FFlyer From United States of America, joined Nov 2001, 732 posts, RR: 0 Posted (10 years 9 months 3 weeks 1 day 19 hours ago) and read 1811 times:
I touched this in another topic, but thought that the issue is worth mentioning on its own:
The US dollar has devaluated remarkably against the Euro lately. Must be several % units. Actually the dollar was overvalued for many years (and still is, but less so).
This gives Boeing an advantage in pricing. They had really suffered from the high dollar rate and this might mean that the orders start to come and the profits improve. That's how it is; in poor economy the currency rates go down, but that is good for export businesses.
Anyone has the time to look for the rate figures? If it is 5% (in a year) it is a lot of $$'s and if even more....
FFlyer From United States of America, joined Nov 2001, 732 posts, RR: 0 Reply 4, posted (10 years 9 months 3 weeks 1 day 17 hours ago) and read 1696 times:
I should have used another expression. Actually the situation means that Airbus is loosing its advantage in pricing (Boeing not getting it), when the dollar rate is normalizing. The playing field is becoming more even in that respect.
Spacepope From Vatican City, joined Dec 1999, 2813 posts, RR: 1 Reply 7, posted (10 years 9 months 3 weeks 1 day 17 hours ago) and read 1650 times:
In agreement with Saintsman (what's up with the religious thing here? hehe) I have read recently that Airbus does indeed sell in dollars, but much of its expenses are in euros.
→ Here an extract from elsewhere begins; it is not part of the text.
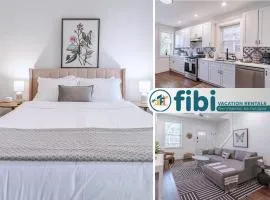St. Louis Family Retreat w/ Crib, Pets & Parking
If this is the case, then every time the dollar drops, so do their profits. Boeing deals strictly with dollars, so this fluctuation is not felt. Now, this is overly simplistic, since many components for both manufacturers are sourced from overseas. The only place that I can see Boeing having too much of an advantage is in labour costs.
FFlyer From United States of America, joined Nov 2001, 732 posts, RR: 0 Reply 8, posted (10 years 9 months 3 weeks 1 day 16 hours ago) and read 1628 times:
Even though you sell in dollars you have to sell those dollars to get your local currency. With the same $ amount you get less of Euros. Boeing on the other hand gets more dollars if they sell in Euros or in any other client's currency. But when they obviosly sell in dollars, the same plane is cheaper for an overseas client - or Boeing might be able to raise the price tags (in principle).
If Airbus sells in dollars, they might want to keep that money in dollar accounts, but not for ever.
Greg From United Kingdom, joined May 2005, 0 posts, RR: 0 Reply 9, posted (10 years 9 months 3 weeks 1 day 16 hours ago) and read 1607 times:
The exchange rate reversal goes hand in hand with Boeing's initiative in strengthening their financing arm. It's been a much neglected area--relying primarily on the EX/IM Bank, World Bank (or such) to hedge any big currency differences.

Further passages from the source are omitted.